Recorded data:
========

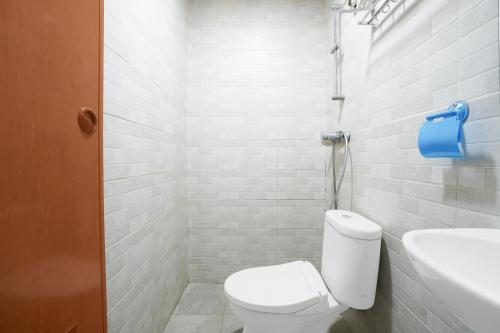 capital o 94914 kemayoran guest house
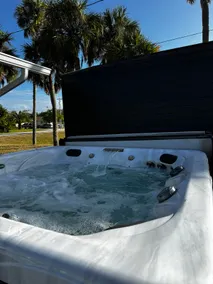 Scenic FL canal home w new hot tub & boat parking - Image 4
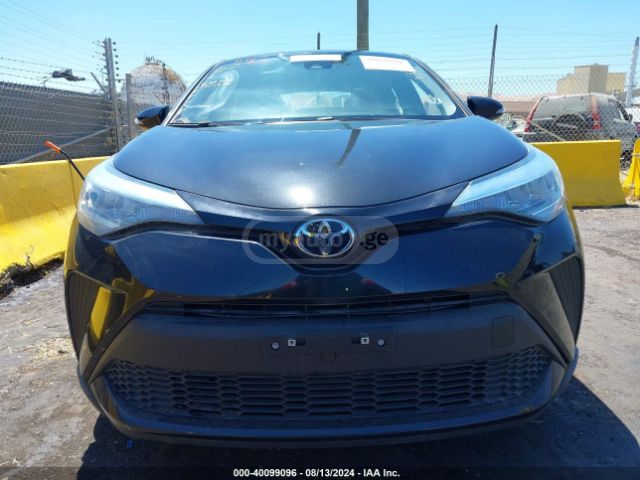 Toyota LE 4dr Front-Wheel Drive Sport — миниатюра 6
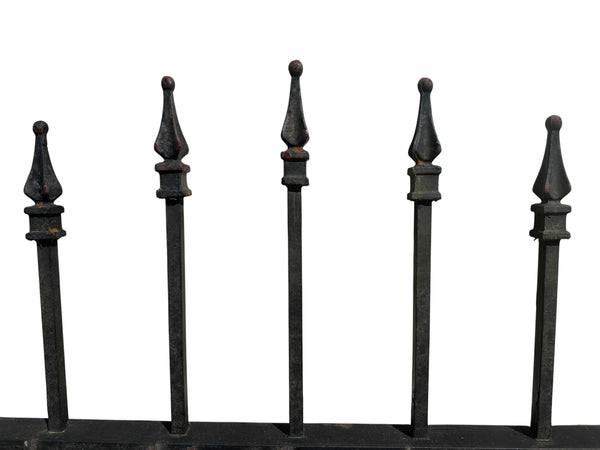 53 Ft of Antique Wrought Iron Fencing w/ Arrow Finials GA21037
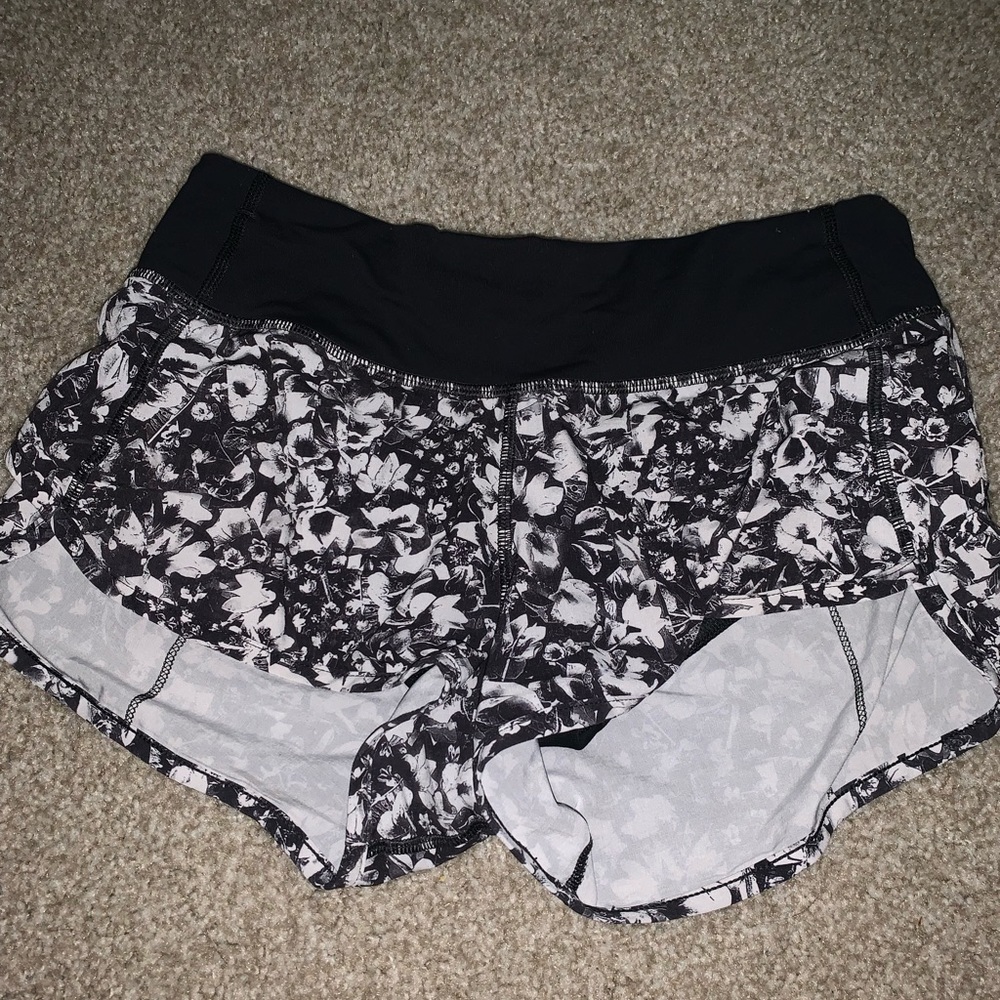 Lululemon speed up short 2.5”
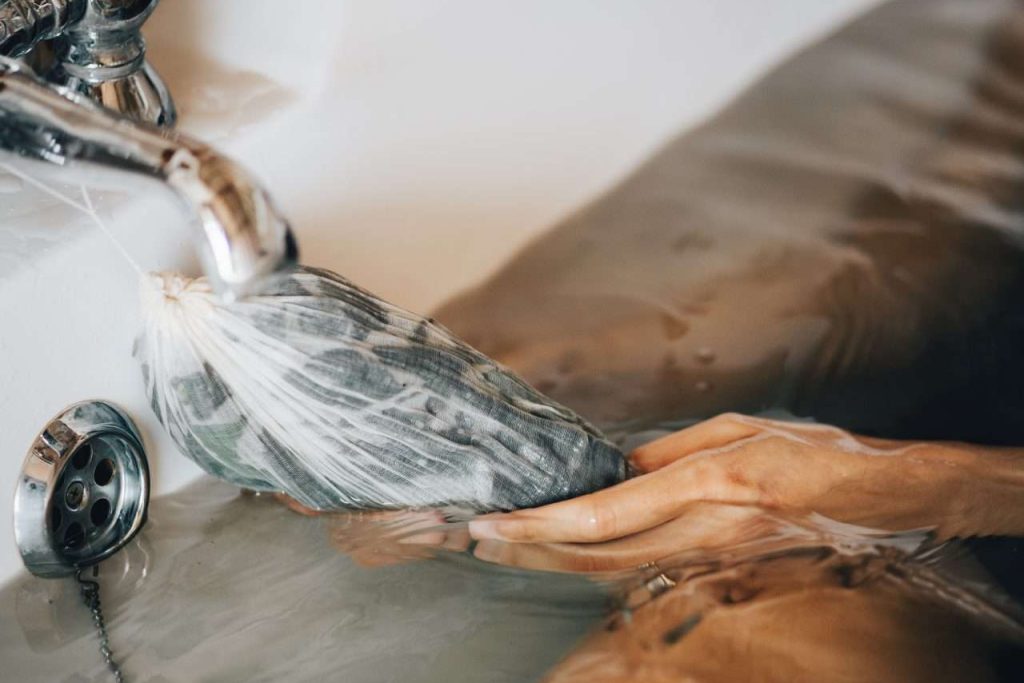 jo10 seaweed-bath-science-detox-benefits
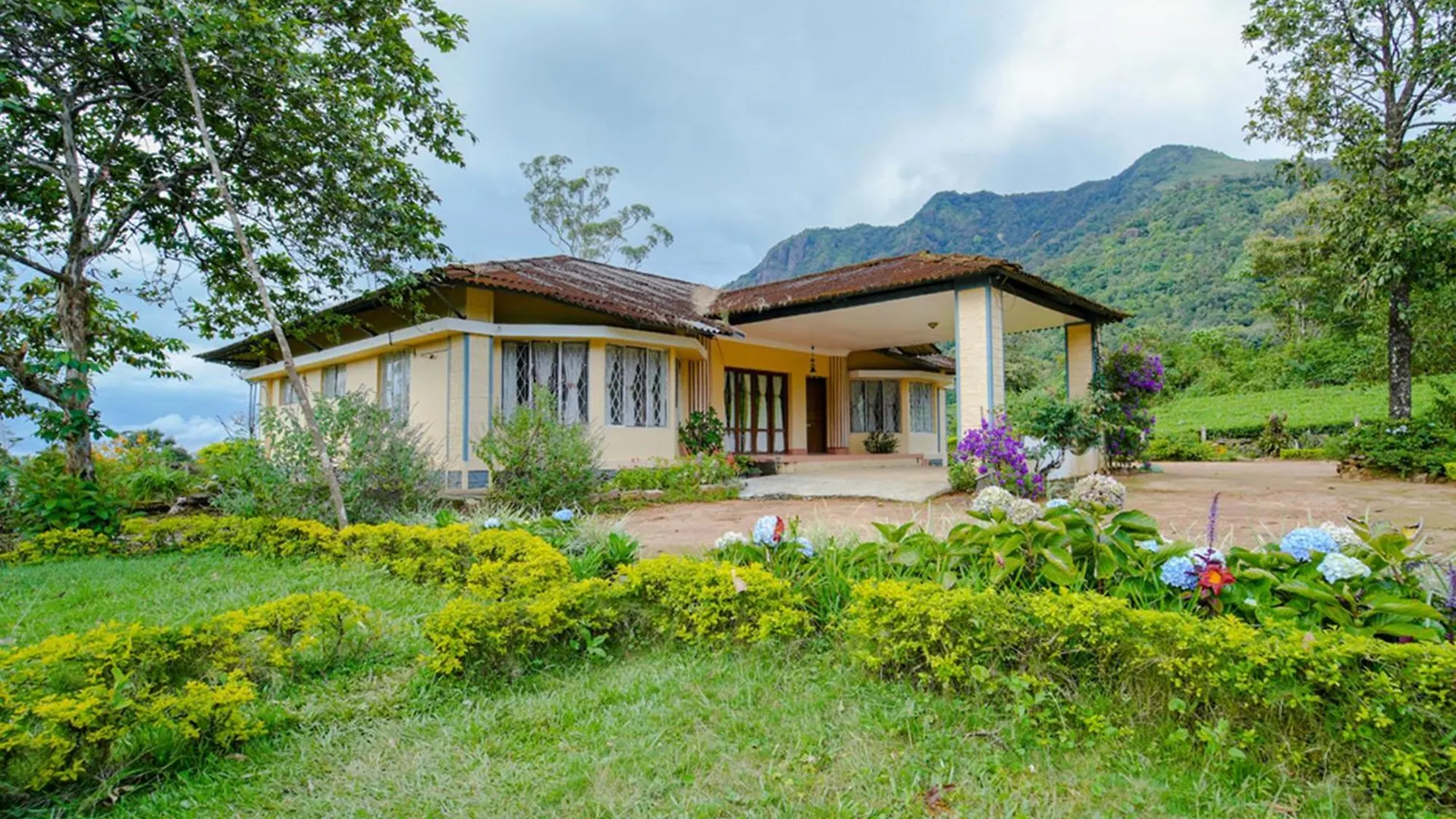 Villa Munnar Tea Bungalows With Waterfalls By Voye Homes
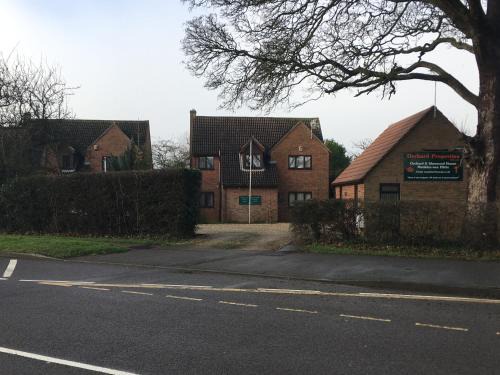 Daventry Apartment | Family-Friendly Simpson's Apartments with Top Guest Ratings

========

- [Task to complete] Your answer should hold only the lines from the line with "53 Ft of Antique" through the closing line of the records, restated exactly and free of pictures.

- [Answer section]
 53 Ft of Antique Wrought Iron Fencing w/ Arrow Finials GA21037
 Lululemon speed up short 2.5”
 jo10 seaweed-bath-science-detox-benefits
 Villa Munnar Tea Bungalows With Waterfalls By Voye Homes
 Daventry Apartment | Family-Friendly Simpson's Apartments with Top Guest Ratings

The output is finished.